Model Overview
UWNSL/Qwen2.5-3B-Instruct_Short_CoT is a 3.1 billion parameter instruction-tuned model, derived from the Qwen/Qwen2.5-3B-Instruct architecture. This iteration has undergone specific fine-tuning on the MATH_training_Qwen2.5-32B-Instruct dataset, indicating a specialization in mathematical problem-solving and reasoning.
Key Characteristics
- Base Model: Fine-tuned from Qwen/Qwen2.5-3B-Instruct.
- Parameter Count: 3.1 billion parameters.
- Context Length: Supports a context length of 32768 tokens.

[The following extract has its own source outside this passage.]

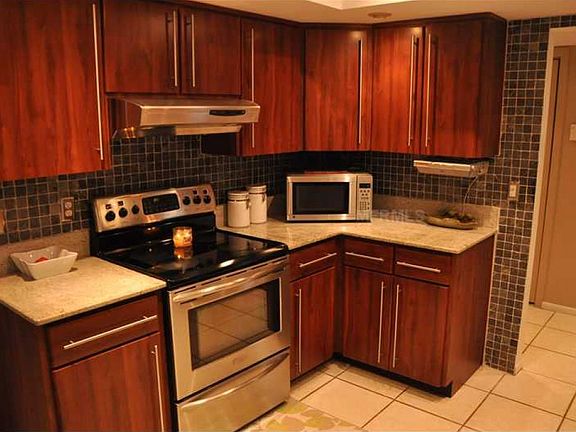 4th image of 17735 Deerfield Dr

- Training Focus: Optimized for mathematical tasks, as evidenced by its training dataset.
- Performance: Achieved a validation loss of 0.1360 during training, suggesting effective learning within its specialized domain.
Intended Use Cases
This model is particularly suitable for applications requiring:
- Mathematical Reasoning: Solving complex math problems or generating mathematical explanations.

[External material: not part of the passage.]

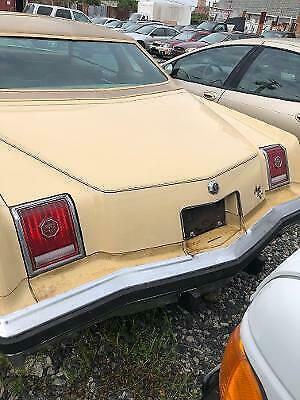 Pontiac Grand Prix 1977 image number 14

- Instruction Following: Executing instructions related to numerical or logical tasks.
- Specialized NLP: Tasks where a strong understanding of mathematical concepts is beneficial.
Training Details
The model was trained with a learning rate of 1e-05, using an AdamW optimizer and a cosine learning rate scheduler over 2 epochs. The training involved a total batch size of 16 across 4 GPUs.